The US Government and the Fed measure inflation in a way that is tantamount to reverse Robin Hood theft. Government measures cheat savers and particularly senior citizens while subsidizing the wealthiest big banks and leveraged speculators. They do so by giving the Fed an excuse to perpetuate the ZIRP.

The headlines screeched this morning that consumer prices fell in September. The media dutifully reported that the seasonally adjusted headline number fell 0.2% month to month. The seasonally adjusted core CPI ex food and energy reportedly rose 0.2%.

Nobody in the media questions whether the data accurately represent inflation.

But these numbers do not measure “inflation” accurately. They exclude asset prices and do not properly measure consumer prices. They suppress the reported numbers primarily by vastly understating the rapidly inflating cost of housing, to which the BLS gives the heaviest component weight in CPI.

Seasonal adjustment also suppressed the numbers this month. The basis for using seasonal adjustments on CPI is weak.
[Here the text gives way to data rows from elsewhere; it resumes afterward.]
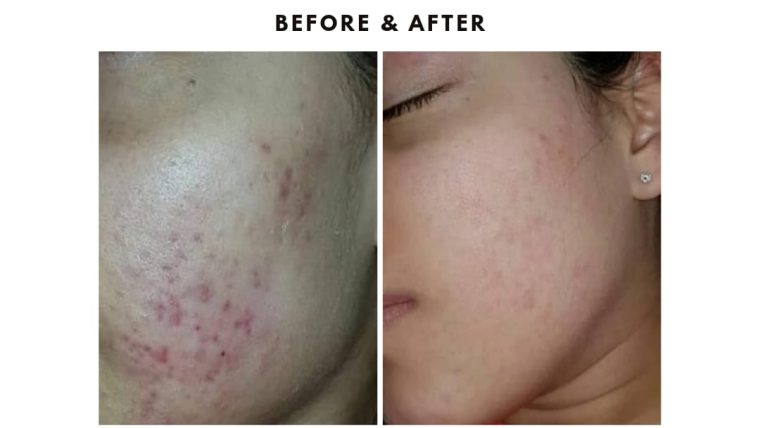 Acne Scars Treatment in Islamabad
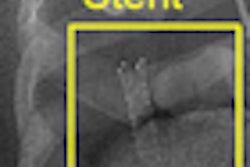 2010 08 13 10 07 10 431 Siewerdsen Clinical Thumb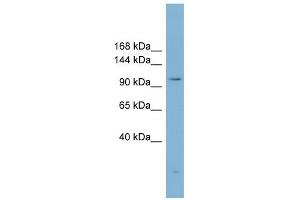ACLY antibody used at 1 ug/ml to detect target protein. (ACLY anticorps  (Middle Region))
While prices do not rise on a straight line, there’s little evidence of consistent seasonal variation. On a not seasonally adjusted basis total CPI dipped by -0.15% in September.  Core CPI rose by 0.3%.

On an annual basis, headline CPI was down 1.9%, mostly on falling energy prices, which have stabilized this year (gasoline prices up 13% since January). Core CPI was reported to have risen 1.9%. That’s still below the Fed’s 2% target.

Here’s the biggest problem with these numbers.

Housing costs account for 37% of headline CPI and 41% of core CPI. The government uses an artificial measure of housing costs called Owner’s Equivalent Rent (OER). It was imputed at a seasonally adjusted rate of 0.3% for September. The annual increase was 3%.

The BLS invented Owner’s Equivalent Rent as a replacement for actual housing prices in 1982 because housing inflation caused the CPI to increase too fast. The government created CPI as a means to index government benefits, salaries, and procurement contracts. The government gets off cheap when it undercounts housing inflation.